Ann and Dan Andriacco - as seen on the big screen by Shannon's students |
Did you ever look
at a map at the end of a journey and marvel at where you were on the way to where
you are? I had that experience recently with a short story.
The students in Shannon Carlisle, BSI’s fourth grade classroom at Moore Elementary School in Franklin, TN, where it is always 1895, last week read and discussed my 780-word short story “The Adventure of the Amateur Players” from my book, BakerStreet Beat. The story features a group of crime-solving kids called the Deerstalker Club, led by the pompous Toby Motherwell.
Meeting in
small groups, the students identified the different elements of the short
story's plot. Shannon then wrote those elements on one document as a story
map. The map follows the Freitag Pyramid of dramatic structure, which I learned about in freshman English at Elder High
School, 1966-67. And yet I never think of dear old Freitag while I plot -- it just happens!
Two of Shannon's students
wrote to me, “We liked how even a short story could be
suspenseful.

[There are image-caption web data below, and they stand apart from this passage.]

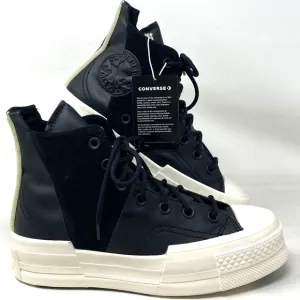 Converse Chuck 70 Plus Mixed Material Sneakers Black Canvas Suede Women A05260C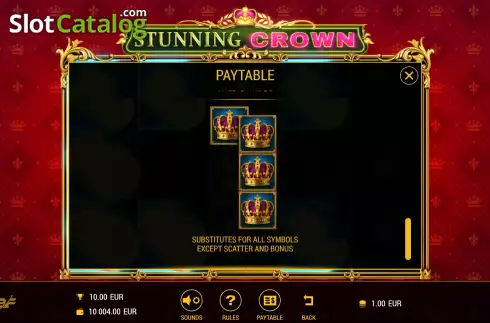 Game Features screen. Stunning Crown slot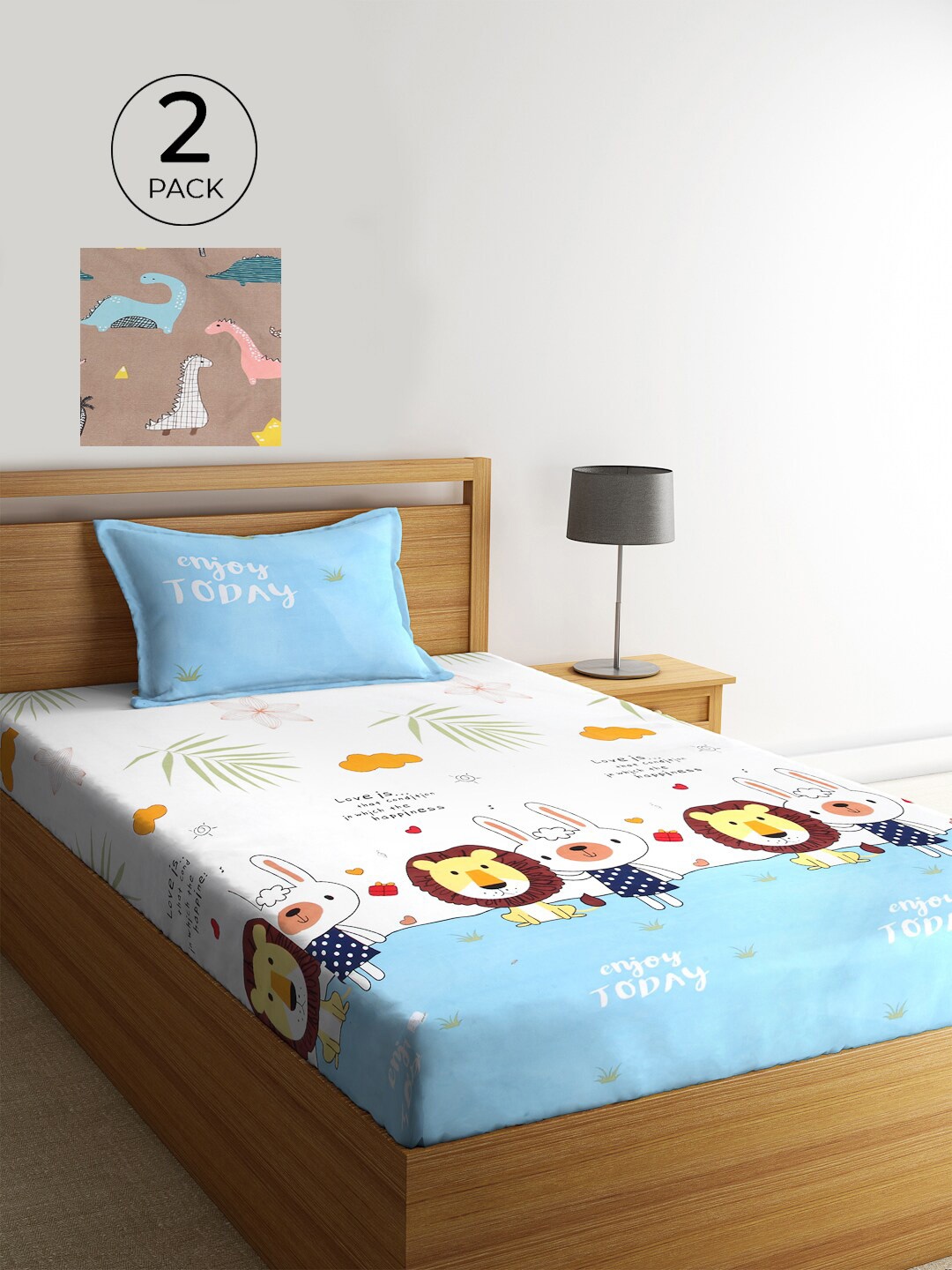 

KLOTTHE Set Of 2 Multicoloured Cartoon Characters 210 TC Single Bedsheet & 2 Pillow Covers, Multi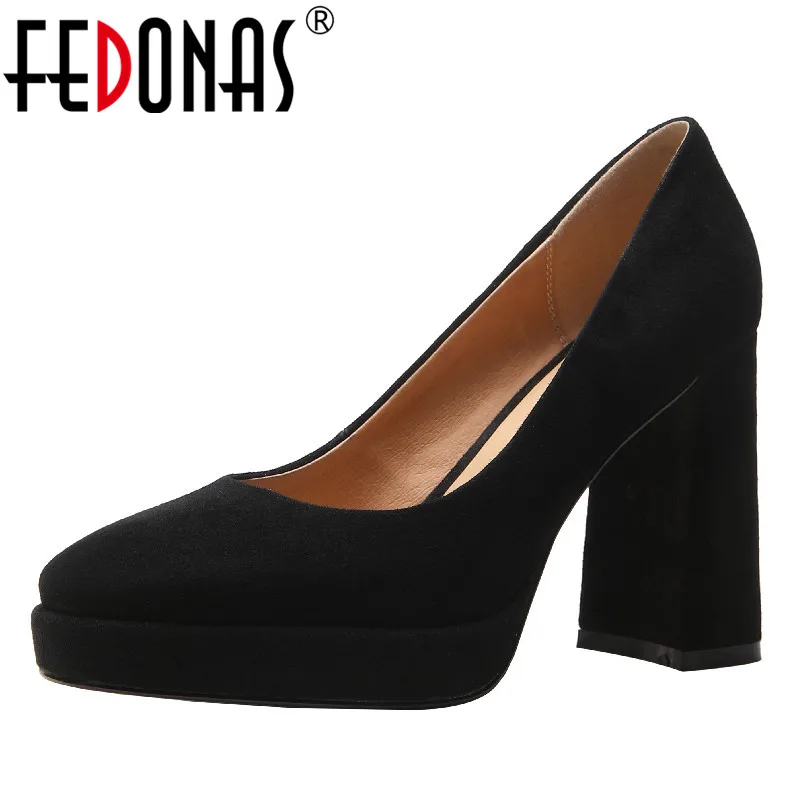 

FEDONAS 2025 Sexy Fashion Women Pumps Kid Suede Leather Platforms Thick High Heels Wedding Party Prom Shoes Woman Spring Summer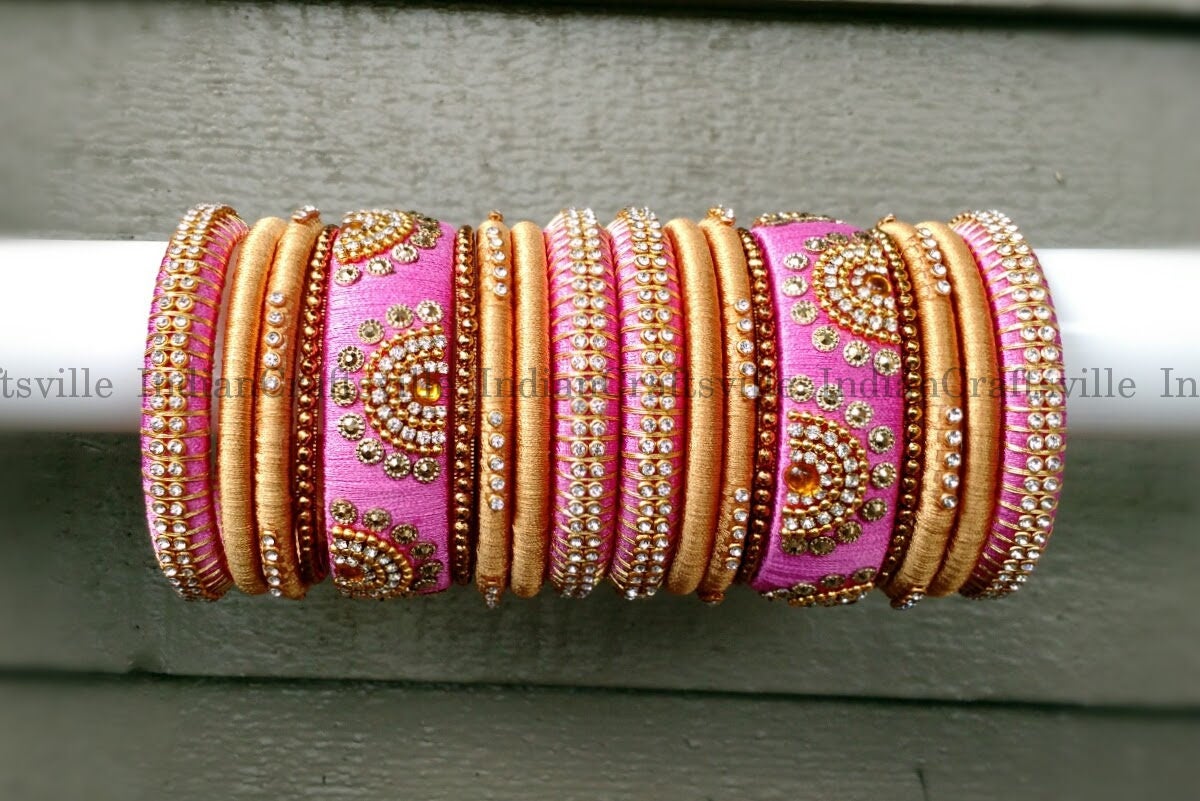 Baby Pink & Gold Silk Thread Bangles Set of 18 Ethnic Indian - Etsy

And once Toby asked two questions and observed the ‘suspects’ in
the room, he quickly knew who stole the money. Clever character!”
He certainly
is!
My first
attempts to write novel-length detective fiction in the early 1980s were a
series of Deerstalker Club novels for young people. The narrator, Billy
Piccolo, is the son of a newspaper journalist, which happened to be my
profession at the time. Ralph “Ski” Wysnewski is a budding actor. But perhaps my
favorite character is Sara Moon, who is every bit as smart as Toby and
has a knack for pricking his pomposity with a few well-chosen words of her own.
The three Sherlockian-infused Deerstalker Club books – The Riddle of the Silent Dummy, The Secret of the
Seven Sherlocks, and The Enigma of the Elusive Unicorn – were never published.
But I’ve always loved the characters. And the adult Toby Motherwell makes a cameo
appearance in my 2015 McCabe-Cody mystery novel Bookmarked for Murder.
I’m happy that
the students at Moore Elementary School like these old friends of mine from long
ago.
You just never know where your words will be studied, Dan! Thank you for creating the Deerstalker Club. Analyzing the plot elements of your short story was a fine learning activity. Now the Sherlockians, of 221b Baker Street, at Moore Elementary, are writing short stories of their own.